My father and I just returned from seeing Elizabeth: The Golden Age, and I have to say that I have been colored rather unimpressed. Visually, the film was outstanding, with some lush costumes and beautiful scenery, but the film itself was scattered and rather overwrought. It felt almost as though the goal was to keep viewers in a state of constant, swelling tension, which was poorly released at the end of the film with a saccharine baby scene in which Elizabeth looked perilously like the Virgin Mary.
As my father put it, the film was fragmented, and I imagine that for people who aren’t familiar with this period in English history, it would have been really confusing. Complex characters flashed on and off screen in a flurry of fine fabrics, but no one was really introduced or given depth. Many of these characters were quite interesting people in their day, and I was disappointed to see that the film paid them little heed, so that it could skip back to a catfight between Elizabeth and Bess Throckmorton, or a torture scene in the dungeons. It’s a pity, really, because I thought that the actors did a decent job, although they were a bit overwrought themselves. I’ve always rather liked Kate Blanchett, too, and it’s hard not to be overwrought in a film like that.
My father pointed out that the score and cinematography were eerily reminiscent of Titanic, what with the strange camera angles and drawn out scenes. The execution of Mary Stuart seemed to take about an hour, rife with historically accurate Catholic symbolism, and don’t even get me started on the Spanish Armada. In fact, for a moment I thought they might have actually used footage from Titanic, for a generic men floating in the water with sad music scene. But I might have been mistaken.

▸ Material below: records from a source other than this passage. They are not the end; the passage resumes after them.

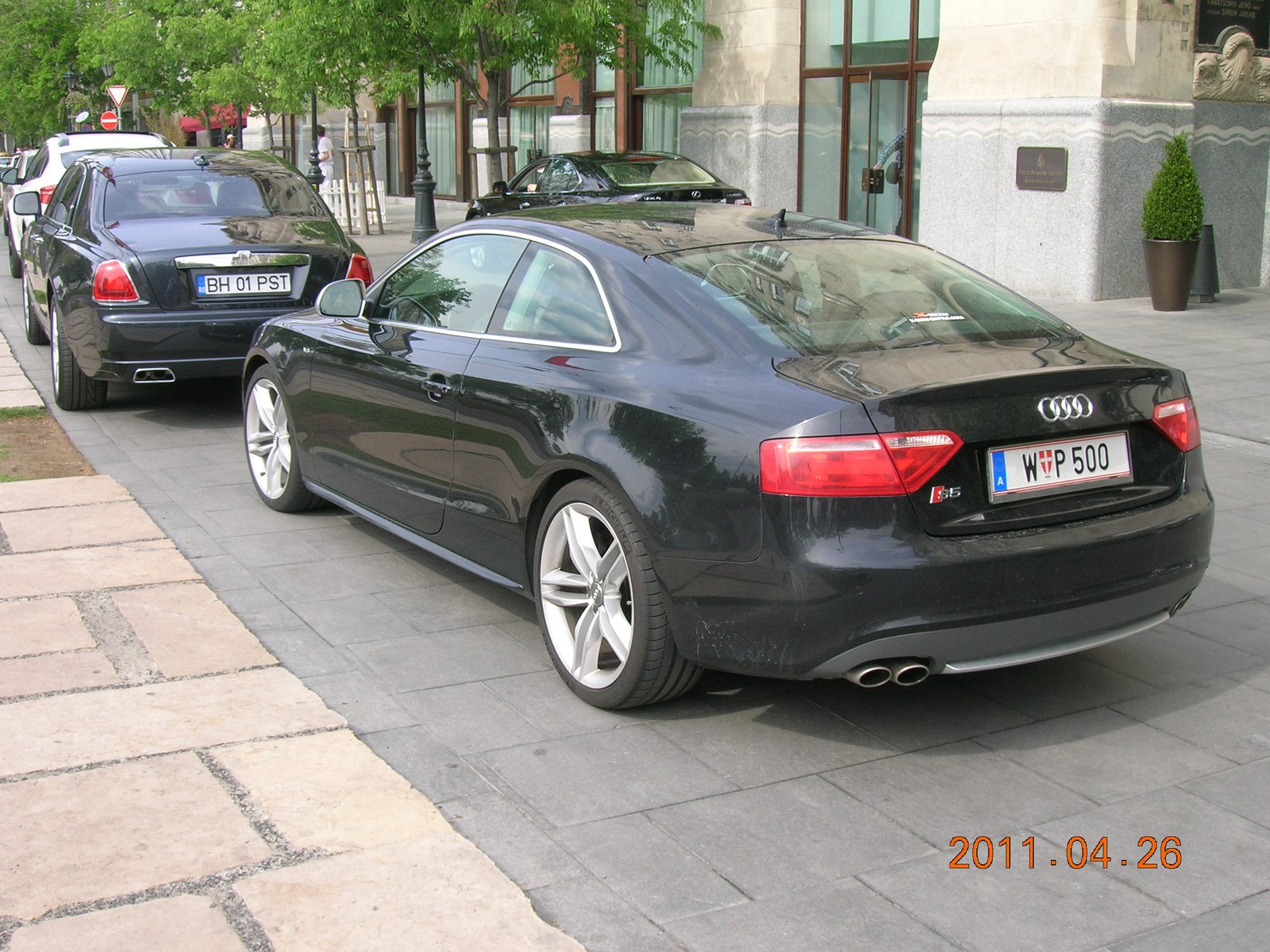 Rolls-Royce Ghost + Audi S5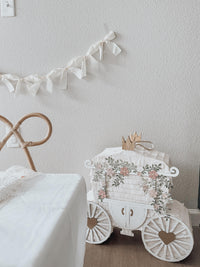 👑Regal Carriage Princess Piñata – Luxuriously Handcrafted for Fairy Tale Birthdays | Elegant & Customizable Party Centerpiece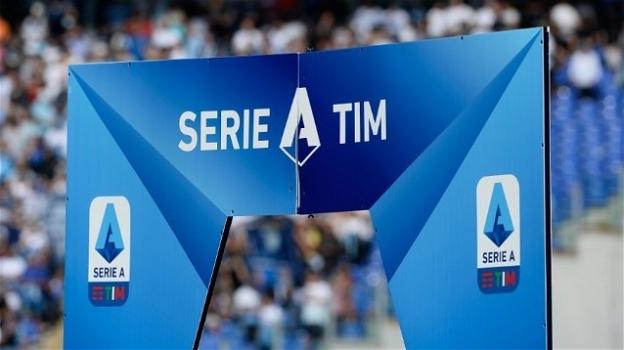 Damiano Tommasi e Vincenzo Spadafora hanno chiesto la sospensione immediata del calcio italiano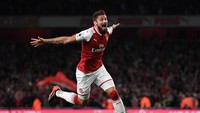 Olivier Giroud. Total 17 gol derby-derby London dengan rata-rata 163 menit per gol. (Foto: Shaun Botterill/Getty Images)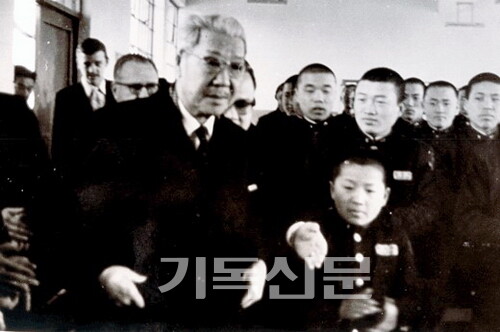 유한공업고등학교 등 여러 학교를 설립하며 유일한은 교육가로서도 애국을 실천했다. 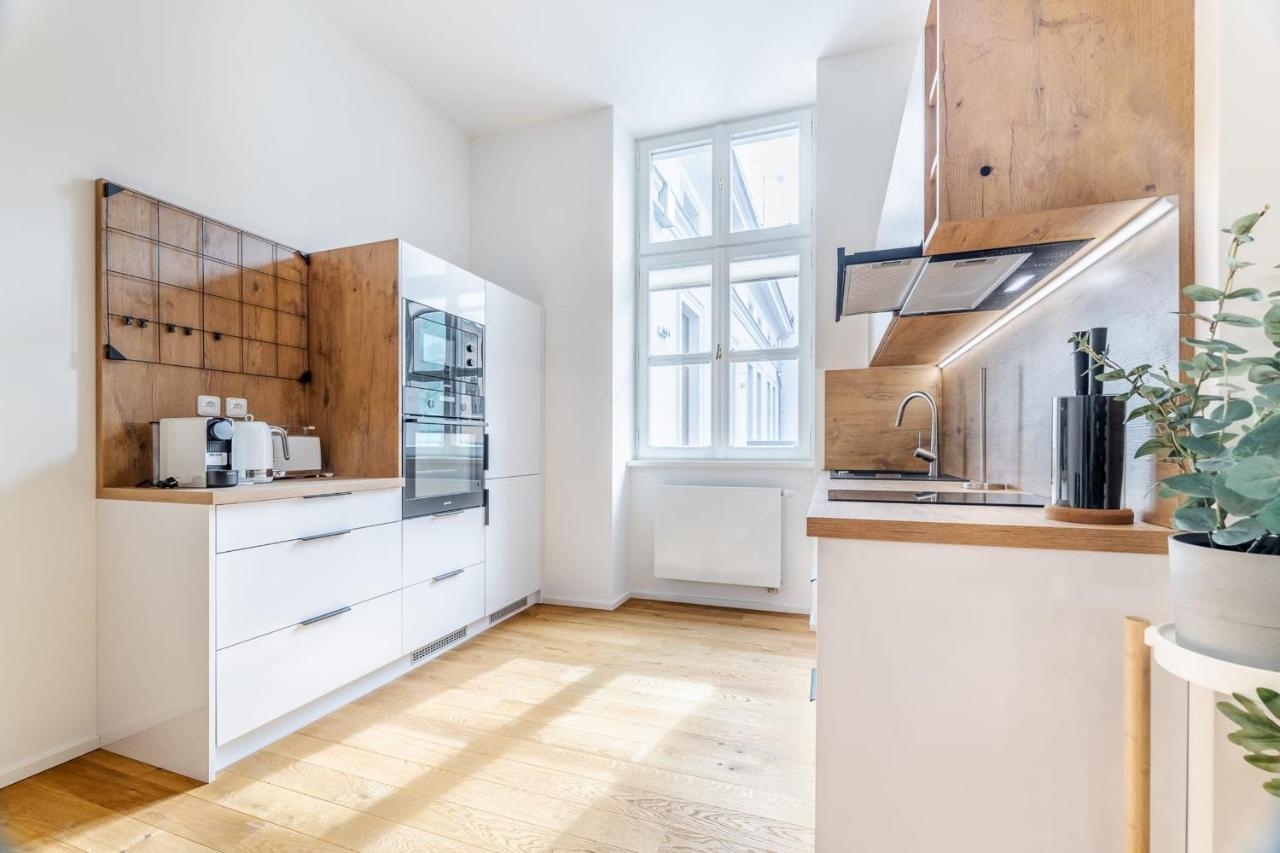Luxury Located In Nove Mesto In The Centre Of * Prag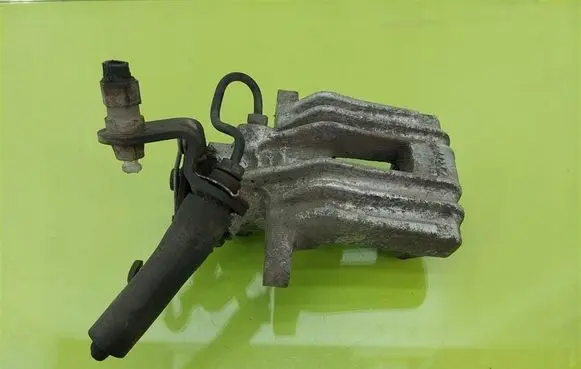 Volkswagen Golf V Rear brake caliper 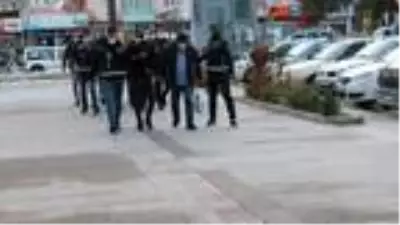 Son dakika haber | Silah kaçakçılığı operasyonu: 9 gözaltı Son dakika haber | Silah kaçakçılığı operasyonu: 9 gözaltı
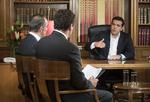 Eurokrise. Grækenlands ministerpræsident, Alexis Tsipras optrådte på græsk tv her til aften og beklagere låneaftalen. 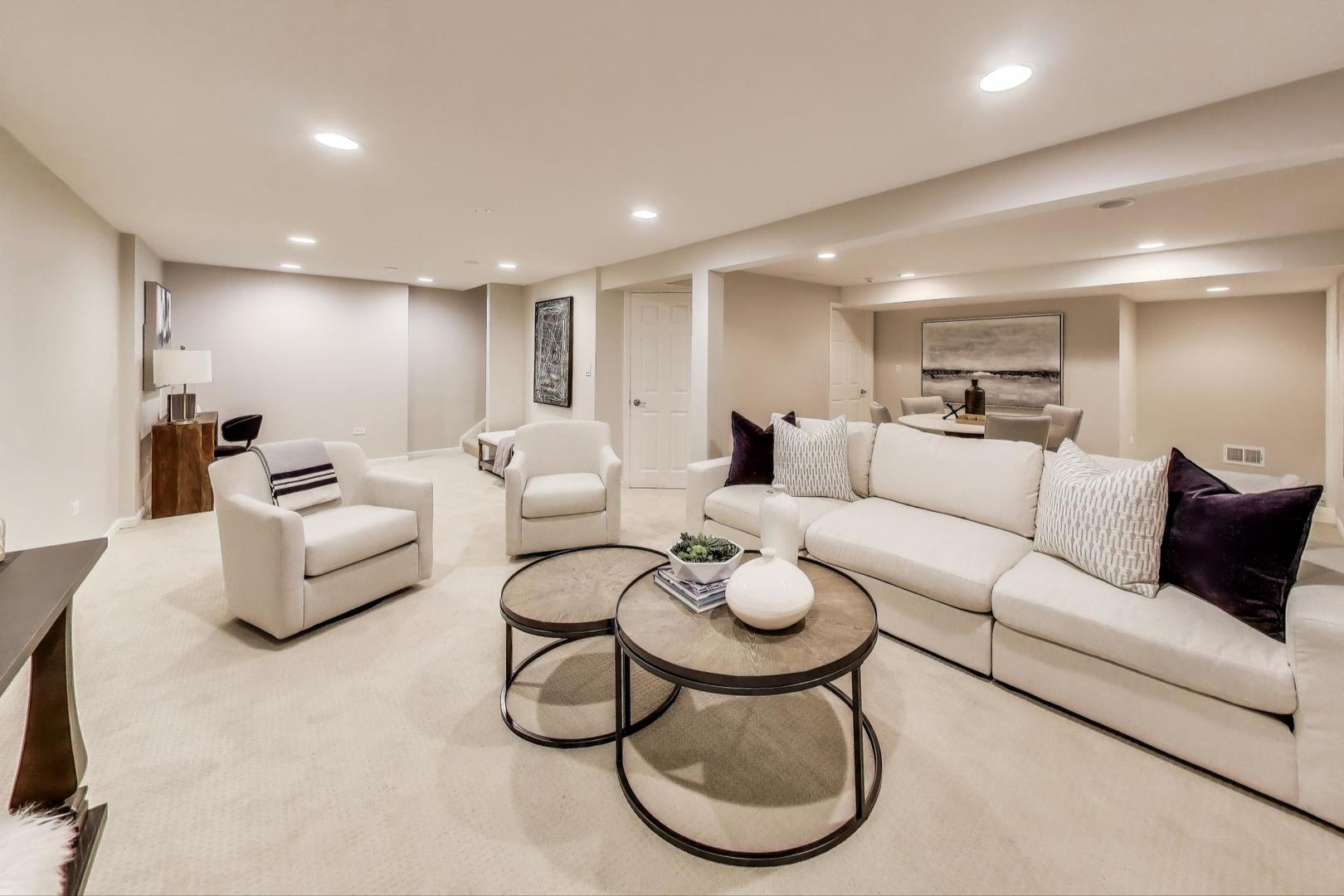 2851 Normandy Circle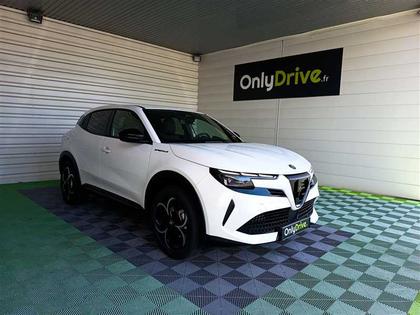 Alfa Romeo Junior - Ibrida 145ch e-DCT6 Speciale - 28 980 €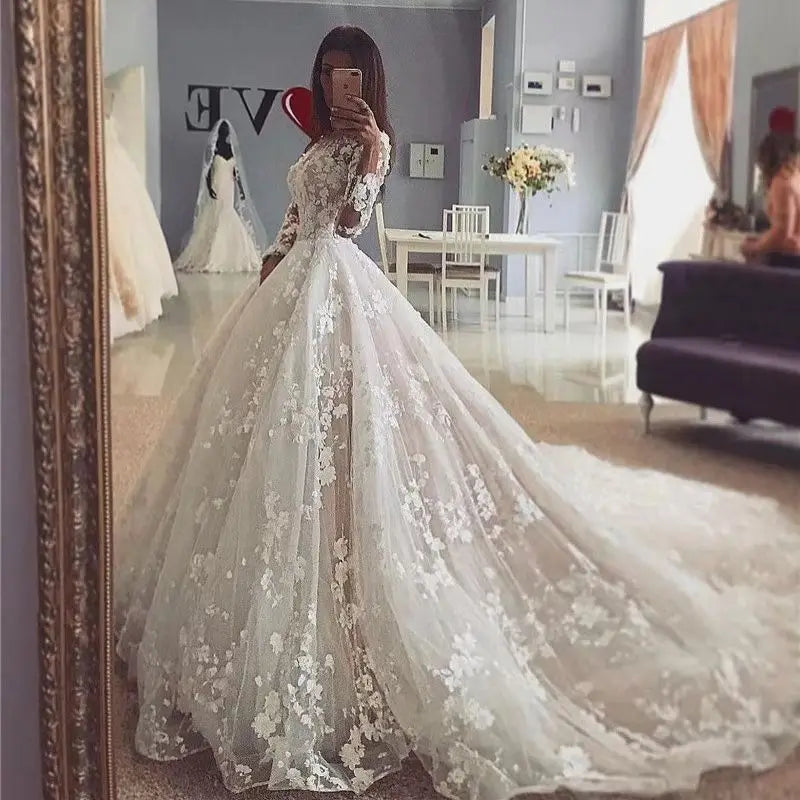 Long Sleeves Lace Princess Wedding Dresses Lace Up Back Vintage Appliques Bridal Gowns Customized 2025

It’s always so disappointing when you expect a movie to be excellent and it turns out to be mediocre. Especially since the first Elizabeth was rather good. I’m dying to see them make a third film; they should be able to get some nice bathos out of Elizabeth’s death scene, especially when they cut the royal seal off her hand.
I was also disappointed that they didn’t use my favorite Elizabeth quote: “I have the body of a weak and feeble woman; but I have the heart and stomach of a king.”